Simply put, the principle of least privilege is a security maxim stating that users should be granted access only to the data and resources they require to perform their job. It is also called the principle of minimal privilege, access control principle, and the principle of least authority.
When your company observes the principle of least privilege, you grant users only the bare minimum of privileges in networks, systems, and applications needed to execute their assigned tasks. By establishing the least privilege in the context of a Zero Trust security model, you can significantly reduce the risk of compromise, breach, and illicit access to high-value data.
For example, do your company’s marketing managers need access to your software development environment to do their job? Of course not. Similarly, do your company’s software developers need access to payroll data? No. Following the principle of least privilege, both of those groups of users would have only the access needed for their job functions.
Note that the principle of least privilege applies to all access: not only by humans but also by non-human (machine) users, such as devices, bots, and software applications. In an era of booming demand for credentials and data sharing, threat actors are probing for weaknesses in your network and apps.
Identity sprawl is the downside of easier interoperability that the transition to cloud-based resources offers, so no user should be granted more permissions than those required to execute approved tasks.
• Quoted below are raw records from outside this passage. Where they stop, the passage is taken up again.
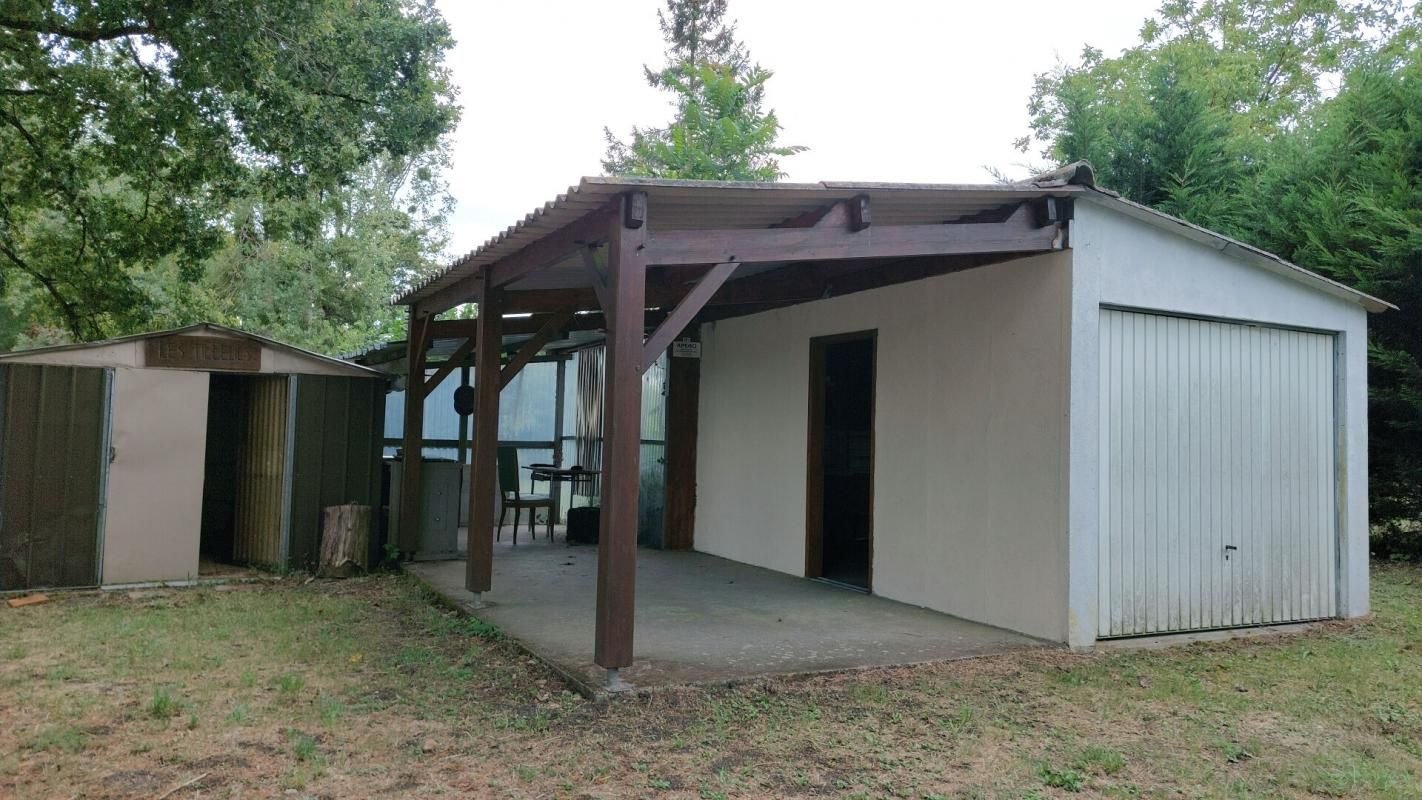 AVRILLE-LES-PONCEAUX A vendre Terrain de loisirs avec étang de 7300 m² - 37340 AVRILLE LES PONCEAUX 3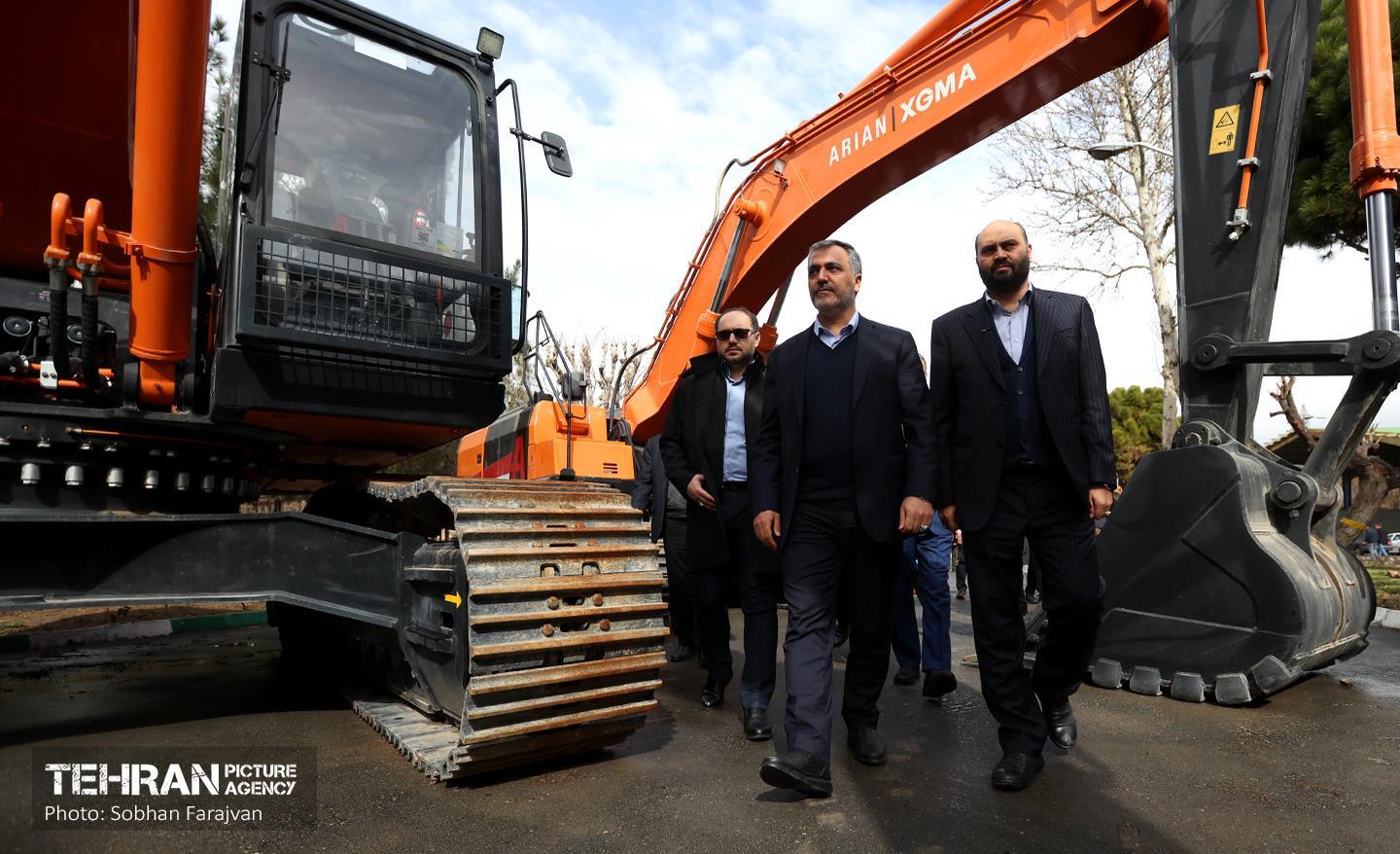 رونمایی از ماشین آلات سازمان مدیریت پسماند 11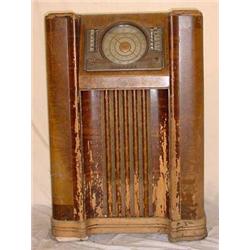 Lot 228: Crosley American/Foreign Console Radio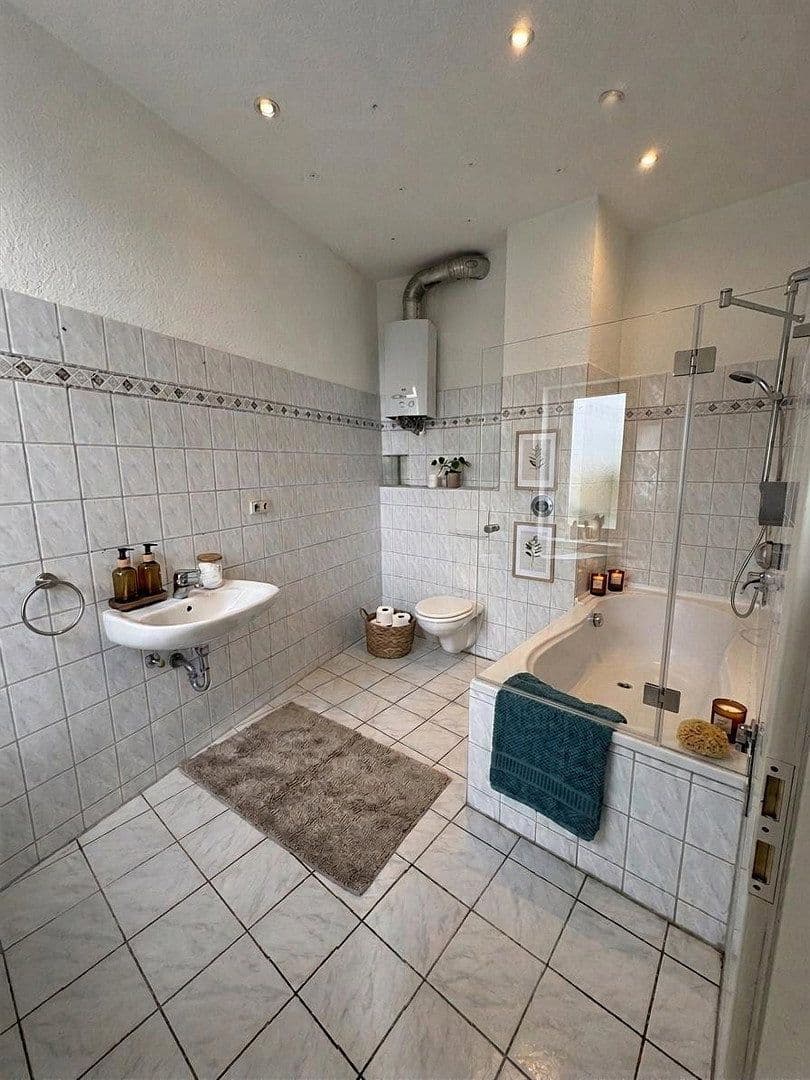 Prodej bytu 4+1 107 m², Gerichtsstraße 32, Witten, Severní Porýní-Vestfálsko Prodej bytu 4+1 107 m², Gerichtsstraße 32, Witten, Severní Porýní-Vestfálsko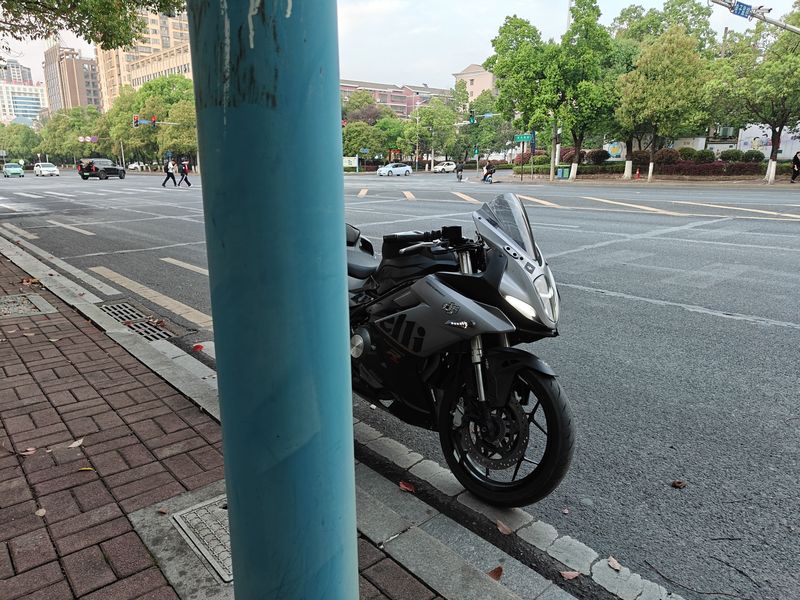 二手贝纳利龙卷风 Tornado 252R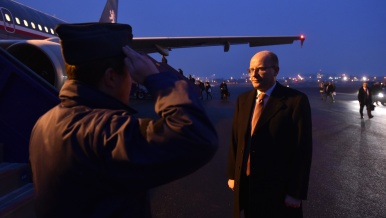 Předseda vlády Bohuslav Sobotka odletěl zvláštním letadlem ze Stockholmu do Prahy, 4. listopadu 2016.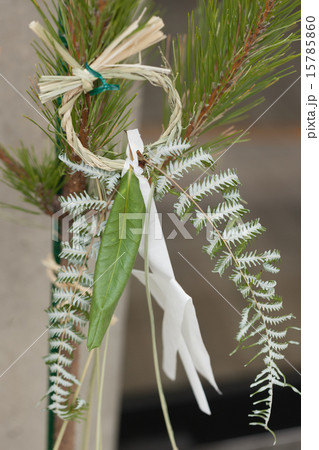 東京の正月飾り 15785860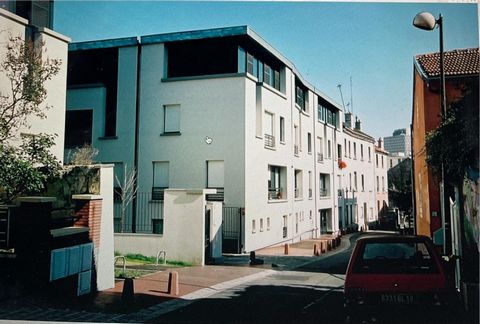 Montreuil -Secteur : Mairie . Appartement calme et agréable a vivre de 40,07 m2 loi Carrez au 1 er étage en bon état général . Composé d'une entrée , une cuisine aménagée , un séjour traversant offrant une pièce de vie chaleureuse exposée sud-ouest ,...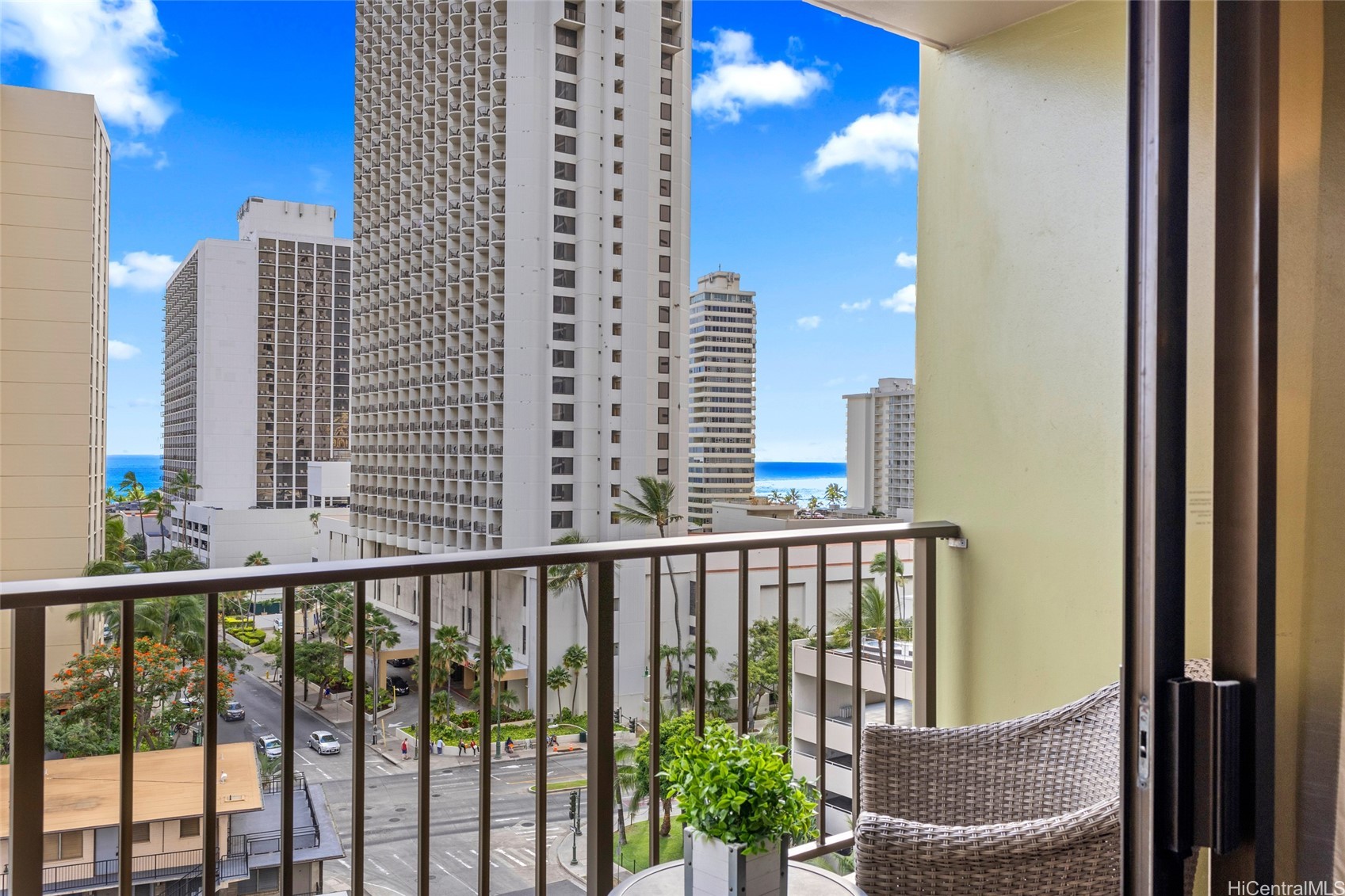 Honolulu, Hawaii, 96815, United States, 1 Bedroom Bedrooms, ,1 BathroomBathrooms,Residential,For Sale,1986211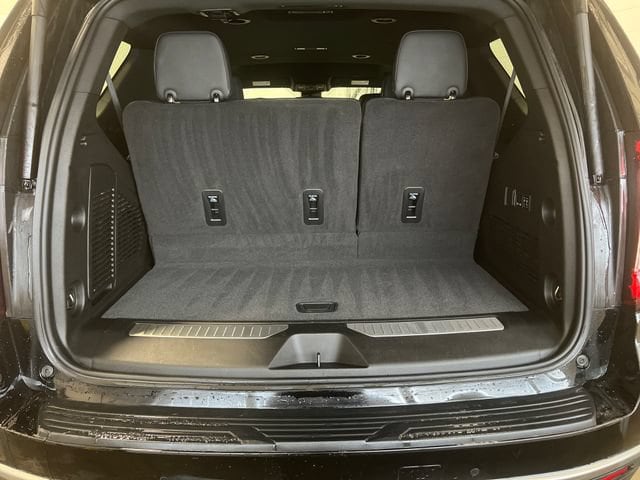 2024 GMC Yukon Denali - Photo 13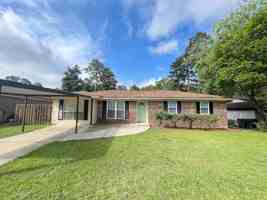 featured image of 123 Davidson Ave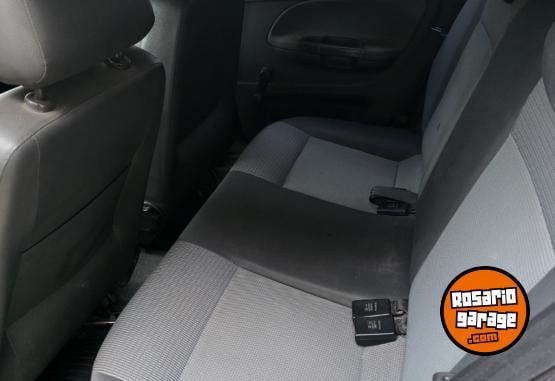 Autos - Volkswagen Gol trend 2010 Nafta 217000Km - En Venta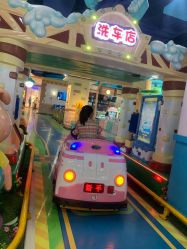 -纽西卡汽车小镇(大悦城店)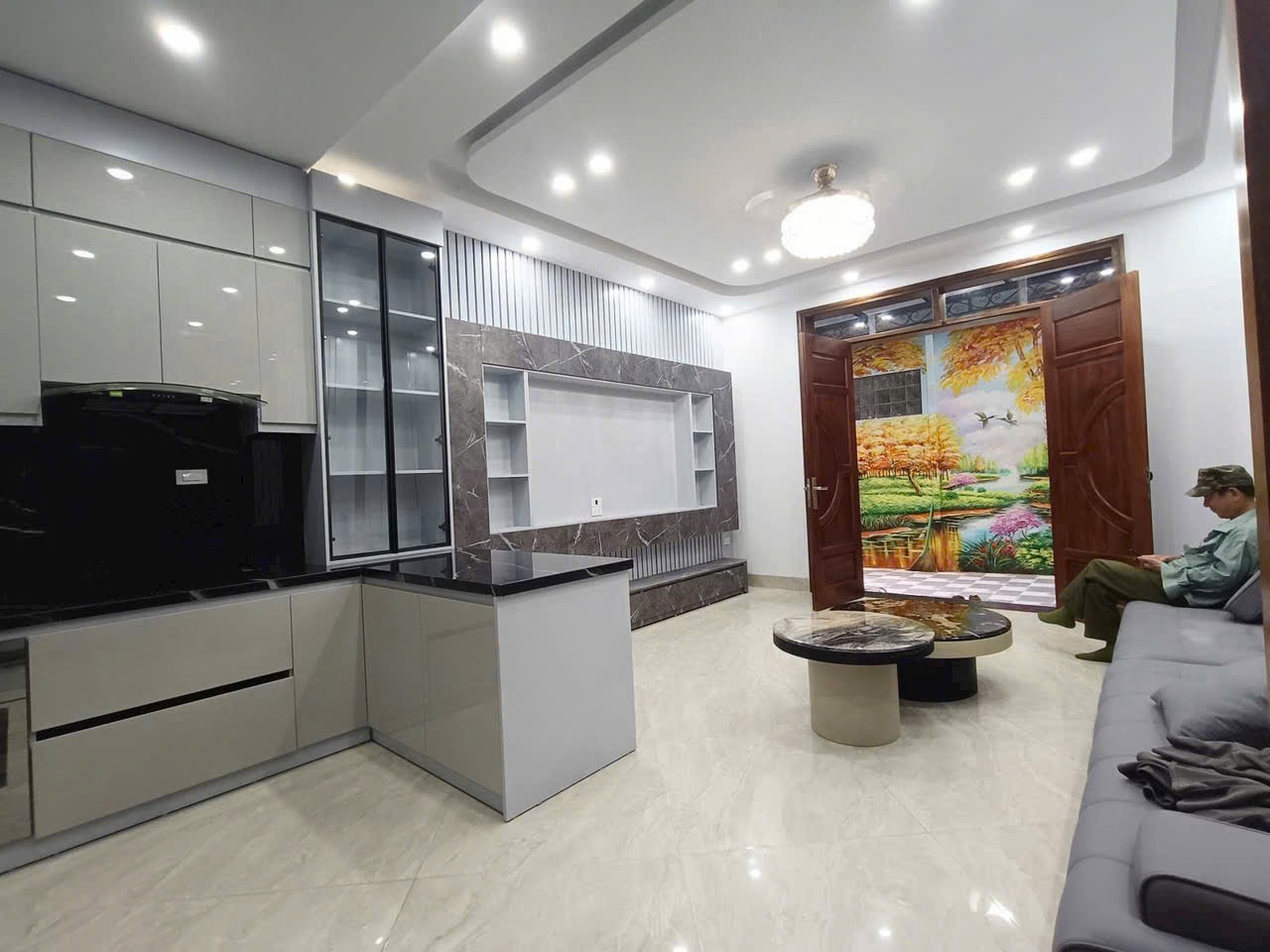 Cực phẩm nhà Hoàng Như Tiếp, ngõ thông, ô tô đỗ cổng, KD, DT70m, MT6m, hơn 9tỷ.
Anything more increases the cybersecurity exposure gap of an organization.
If you’re on the fence about embracing a least privilege approach to security in your organization, here are four benefits of following the principle of least privilege:
1. Reduces cyberattack surface and improves security
With many organizations — which could include yours — the attack surface is increasing in size and vulnerability. As digital transformation motivates companies to operate hybrid IT environments and collaborate with contractors and third-party users, the surface continues to grow. Least privilege is intended to keep the surface as small as possible by restricting access and permissions to those who need them. Limiting privileges to only necessary platforms means that a threat actor can use stolen credentials to access and attack fewer systems and applications.
2. Helps stop the spread of malware
Maintaining the principle of least privilege can help to limit the impact of malware attacks. For example, if an employee clicks a link in a phishing email, the attack is limited to the accounts and permissions of that employee and won’t spread too far laterally. However, if that employee has super admin or root access privileges, the attack can spread throughout the entire network. By giving users only the specific permissions, they need, you can be better protected against malware attacks.
3. Improves performance for users and systems
The practice of granting users only the permissions they need leads to improved productivity and fewer troubleshooting requests. And, by narrowing the blast radius of affected applications, it can improve the stability of the organization’s systems in the event of an attack.
4. Streamlines compliance and audits
If your organization collects, stores, and uses sensitive data, you must comply with regulations for handling it properly. Usually, those regulations require that you enforce least-privilege access policies. Limiting access to users in specific roles makes compliance easier. Plus, it’s easier to pass audits when least-privilege policies are implemented, and audit trails are in place for privileged activity.